Source:https://www.mdpi.com/2076-393X/9/7/693/htm

Now obviously this all hinges on the deaths reported in the adverse reaction data base to be causal, but even if they aren't, doesn't this put these vaccines in comparison to other vaccines in a bad light, or is this completely normal for most vaccines?

user1721135
  • 2,706
  • 4
  • 17
  • 24
  • Comments are not for extended discussion; this conversation has been [moved to chat](https://chat.stackexchange.com/rooms/127182/discussion-on-question-by-user1721135-do-covid-19-vaccines-cause-two-deaths-for).

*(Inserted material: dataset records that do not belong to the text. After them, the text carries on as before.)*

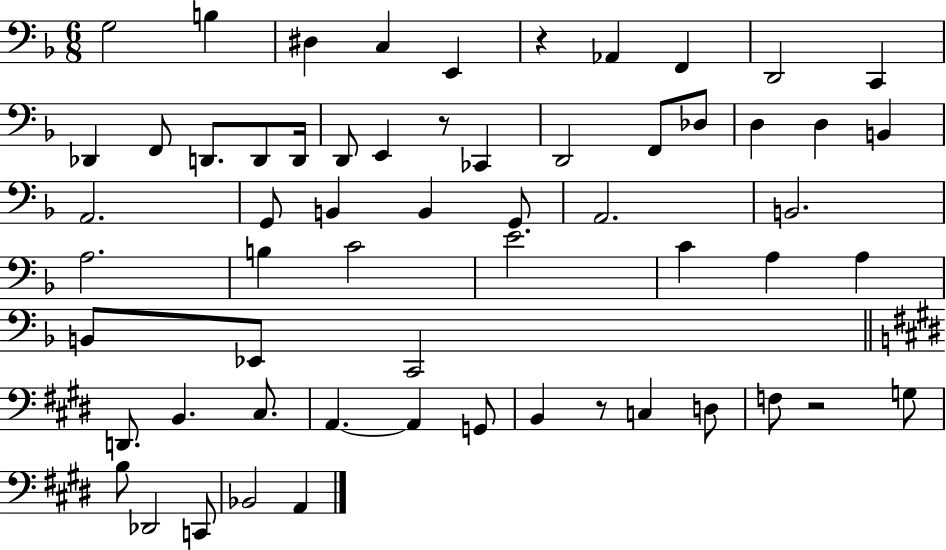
{
  \clef bass
  \numericTimeSignature
  \time 6/8
  \key f \major
  g2 b4 | dis4 c4 e,4 | r4 aes,4 f,4 | d,2 c,4 | \break des,4 f,8 d,8. d,8 d,16 | d,8 e,4 r8 ces,4 | d,2 f,8 des8 | d4 d4 b,4 | \break a,2. | g,8 b,4 b,4 g,8 | a,2. | b,2. | \break a2. | b4 c'2 | e'2. | c'4 a4 a4 | \break b,8 ees,8 c,2 | \bar "||" \break \key e \major d,8. b,4. cis8. | a,4.~~ a,4 g,8 | b,4 r8 c4 d8 | f8 r2 g8 | \break b8 des,2 c,8 | bes,2 a,4 | \bar "|."
}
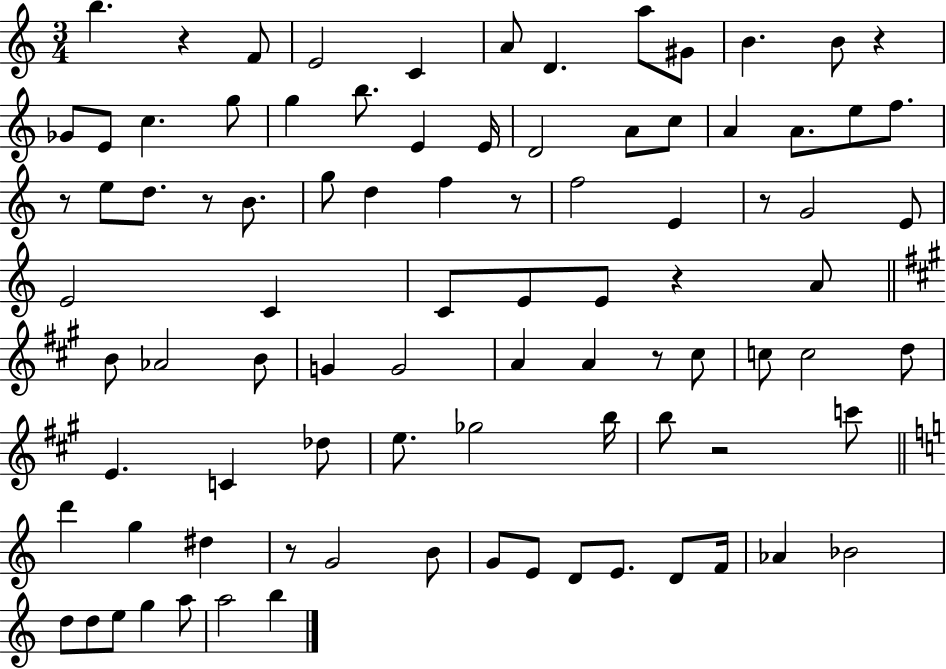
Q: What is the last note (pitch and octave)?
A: B5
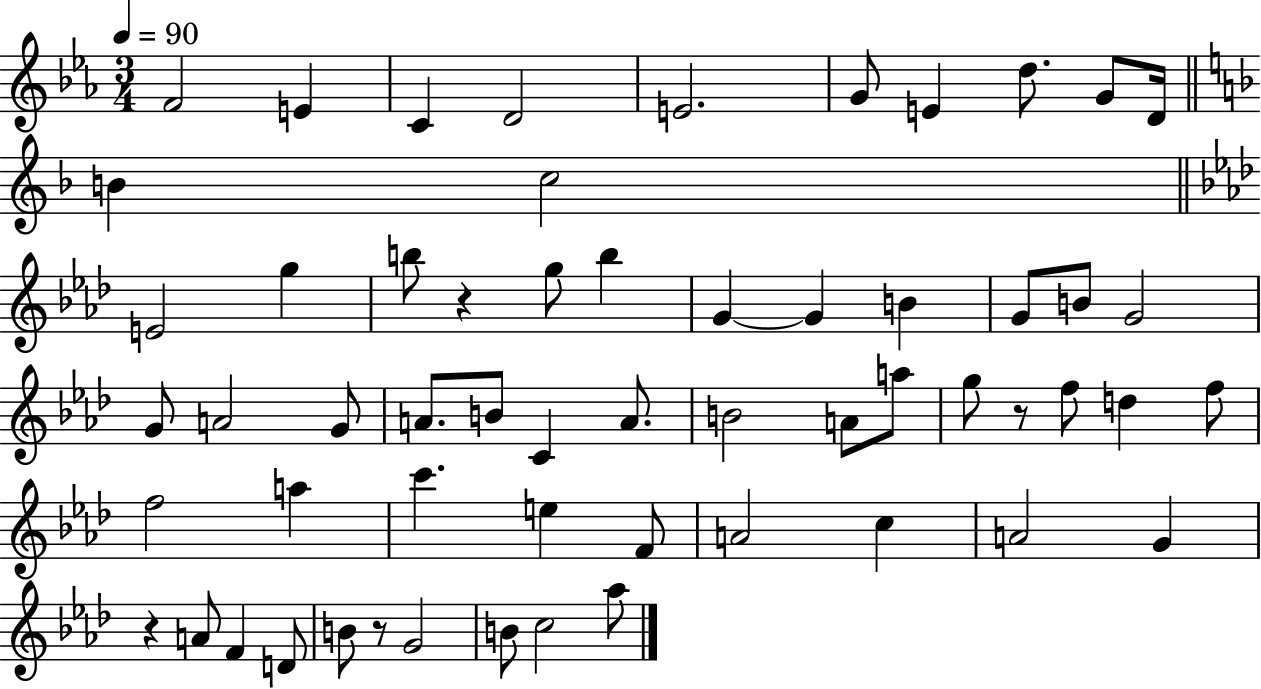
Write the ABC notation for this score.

X:1
T:Untitled
M:3/4
L:1/4
K:Eb
F2 E C D2 E2 G/2 E d/2 G/2 D/4 B c2 E2 g b/2 z g/2 b G G B G/2 B/2 G2 G/2 A2 G/2 A/2 B/2 C A/2 B2 A/2 a/2 g/2 z/2 f/2 d f/2 f2 a c' e F/2 A2 c A2 G z A/2 F D/2 B/2 z/2 G2 B/2 c2 _a/2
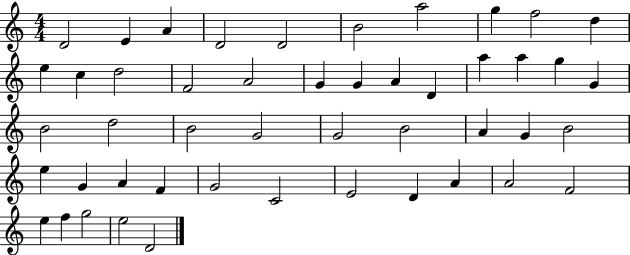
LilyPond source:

{
  \clef treble
  \numericTimeSignature
  \time 4/4
  \key c \major
  d'2 e'4 a'4 | d'2 d'2 | b'2 a''2 | g''4 f''2 d''4 | \break e''4 c''4 d''2 | f'2 a'2 | g'4 g'4 a'4 d'4 | a''4 a''4 g''4 g'4 | \break b'2 d''2 | b'2 g'2 | g'2 b'2 | a'4 g'4 b'2 | \break e''4 g'4 a'4 f'4 | g'2 c'2 | e'2 d'4 a'4 | a'2 f'2 | \break e''4 f''4 g''2 | e''2 d'2 | \bar "|."
}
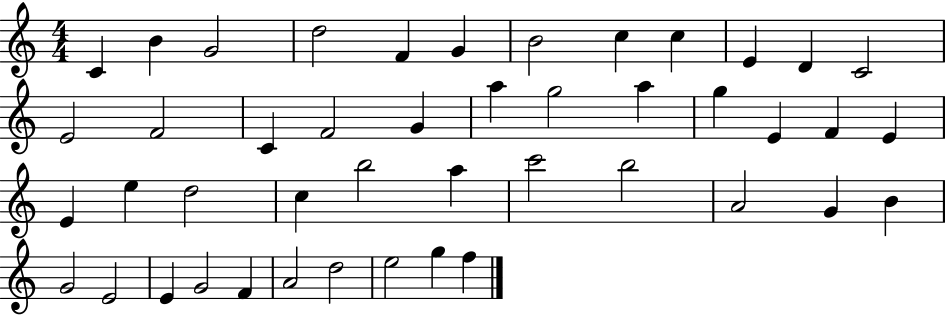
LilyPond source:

{
  \clef treble
  \numericTimeSignature
  \time 4/4
  \key c \major
  c'4 b'4 g'2 | d''2 f'4 g'4 | b'2 c''4 c''4 | e'4 d'4 c'2 | \break e'2 f'2 | c'4 f'2 g'4 | a''4 g''2 a''4 | g''4 e'4 f'4 e'4 | \break e'4 e''4 d''2 | c''4 b''2 a''4 | c'''2 b''2 | a'2 g'4 b'4 | \break g'2 e'2 | e'4 g'2 f'4 | a'2 d''2 | e''2 g''4 f''4 | \break \bar "|."
}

Please do NOT start discussion up again here - take it to chat. – Oddthinking Jul 04 '21 at 21:08
  • 4
    Currently in too much pain and not enough energy to make a full answer, but the paper making this claim has been retracted: https://retractionwatch.com/2021/07/02/journal-retracts-paper-claiming-two-deaths-from-covid-19-vaccination-for-every-three-prevented-cases/ – Shadur Jul 05 '21 at 14:37
  • 3
    (Secifically, the journal found some serious flaws in its methodology, asked the authors to clarify and found the subsequent explanation lacking) – Shadur Jul 05 '21 at 14:50
  • 2
    Somewhat disturbingly *Science* recounts (in article published yesterday) how that paper sailed through peer review... https://science.sciencemag.org/content/373/6551/147 – Fizz Jul 10 '21 at 08:31

4 Answers4

192

A series of comments on the article's PubPeer appears to entirely invalidate the paper's conclusion; the paper commits several classic errors which have been previously discussed on skeptics.se.

First is misuse of adverse event databases, exactly as discussed here. These sorts of adverse event databases do not establish causality; it is simply a list of all the times people have reported to have been affected shortly after getting a vaccine. The database used by the authors specifically states that it cannot be used this way.

Second, a risk-reward comparison for vaccination invariably suffers from its own success.

As an absurd example, before SARS-CoV-2 had been transmitted to the U.S., the US had a 0% mortality rate from SARS-CoV-2. If the entire U.S. was then vaccinated at a 0.01% rate of serious adverse events, some 32,800 people would die and practically none from the virus, for a risk-reward ratio of infinity. This ignores the 619,000 people who would otherwise have died.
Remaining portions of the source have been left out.